Restriction on disabled OBC candidates held as arbitrary by Madras High Court
21 Mar, 2012
An orthopaedic-disabled Other Backward Classes (OBC) candidate appeared in the civil services preliminary examination for the eighth time in the examination conducted during 2007 and for the ninth time the next year. On not finding his name in the list of successful candidates who had cleared the preliminary examination, he filed an application under the RTI Act. He was informed that as he had already exhausted the maximum permissible seven attempts, he was not considered. He challenged the notification of December 2007 issued in respect of civil services examination, 2008 before the CAT, Chennai along with a petition seeking to condone the delay which was dismissed by the CAT without going into its merits. He filed a writ petition before the Madras High Court.

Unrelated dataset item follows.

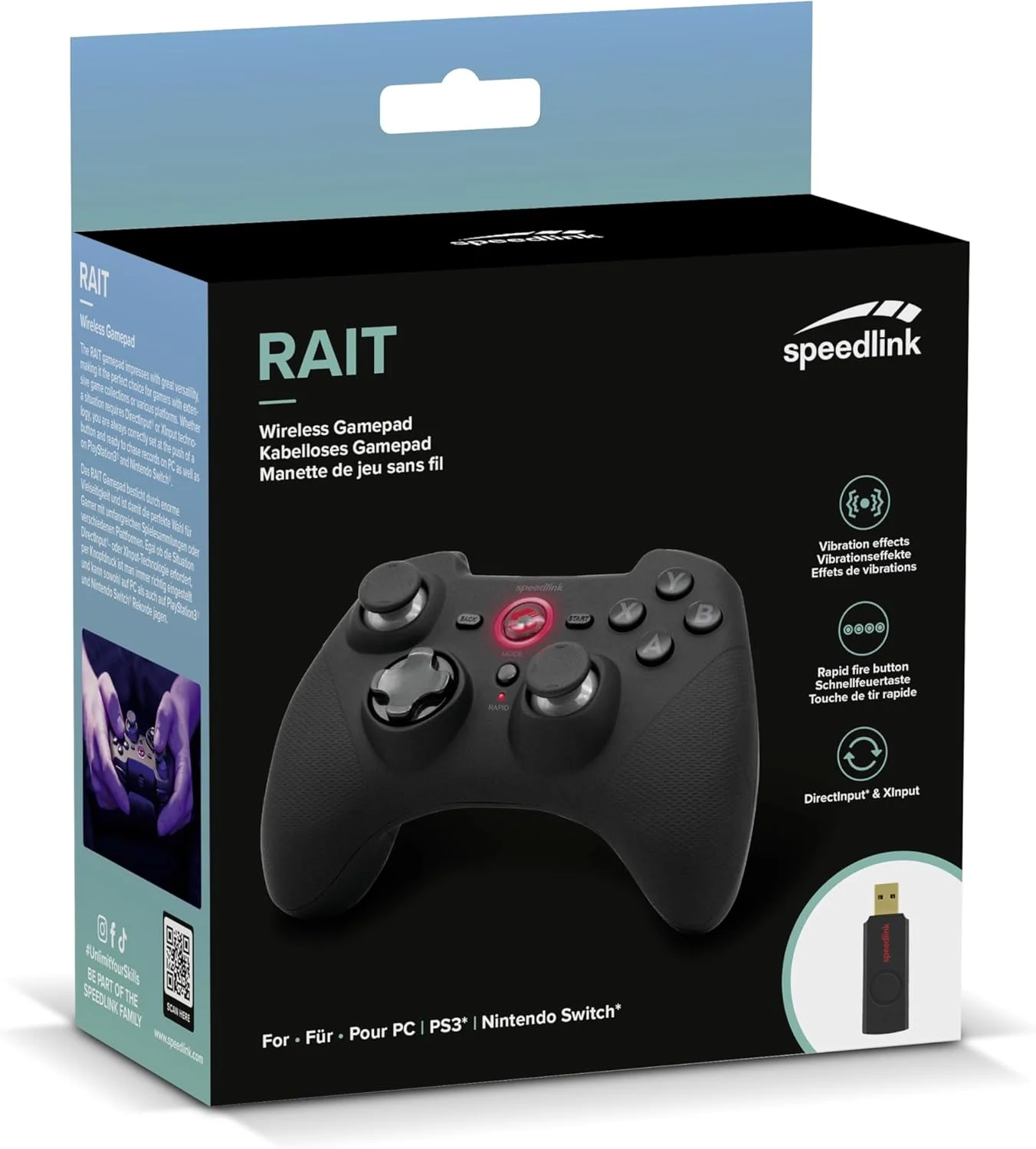 گیم پد بی سیم اسپیدلینک RAIT - گیم پد بی سیم با عملکرد لرزش، برای PC/PS3/Switch، مشکی گیم پد بی سیم اسپیدلینک RAIT - گیم پد بی سیم با عملکرد لرزش، برای PC/PS3/Switch، مشکی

A Division Bench of Justices Elipe Dharma Rao and N. Kirubakaran of the Madras High Court has held that the maximum number of attempts (seven) fixed for physically challenged persons in the Other Backward Classes (OBC) category in the civil services examination is arbitrary as the disabled in the general category are also allowed seven attempts while there is no restriction for the disabled belonging to Scheduled Castes and Tribes. The bench ruled that restricting the number of attempts to seven in respect of such candidates in the OBC community was a violation of Article 14 of the Constitution.
In the general category, the number of attempts had been increased from four to seven in respect of physically challenged candidates and the non-increase in the number of attempts in respect of physically challenged candidates belonging to OBC proportionately to the number in the general category was arbitrary and prejudicial to the interests of physically challenged persons belonging to OBC.